Jak to wszystko możliwe? Genealog dr Marek J. Minakowski postawił sobie za cel nie tylko tworzenie kolejnych drzew genealogicznych, ale i odczytanie z nich, jakie zależności rządzą przeszłością rodzin najbardziej wpływowych ludzi nad Wisłą. W tym celu wychodzi od porównania genealogii potomków Sejmu Wielkiego, czyli twórców Konstytucji 3 maja z korzeniami i koligacjami rodzinnymi osób wymienianych w wydawanym od ponad 70 lat przez PAN "Polskim Słowniku Biograficznym". W kolejnych jego tomach są wszyscy, których uznano za naprawdę ważnych dla losów naszego kraju.

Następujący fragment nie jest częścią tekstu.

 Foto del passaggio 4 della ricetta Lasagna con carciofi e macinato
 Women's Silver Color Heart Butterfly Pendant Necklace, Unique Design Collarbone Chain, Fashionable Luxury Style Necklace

W tym słowniku genealog najpierw znalazł Ozjasza Szechtera. - W biogramie Szechtera w PSB wyczytać możemy, że miał nieślubnego syna, Adama, znanego dziennikarza, urodzonego w roku 1946. Matką Adama była Hinda Michnik (używająca później imienia Helena), urodzona w 1903 r., która miała już wcześniej syna Stefana (także nieślubnego) z innym komunistycznym działaczem, Samuelem Rosenbuschem, straconym ok. 1937 w ZSSR, w ramach Wielkiej Czystki - mówi Fronda.pl dr Minakowski.
Historia tej rodziny silnie łączy się z przeszłością krakowskich Żydów, a ta daje punkt wyjścia do rozważań na temat tego, jak bliskie relacje rodzinne łączyć mogą Michnika i Kaczyńskiego.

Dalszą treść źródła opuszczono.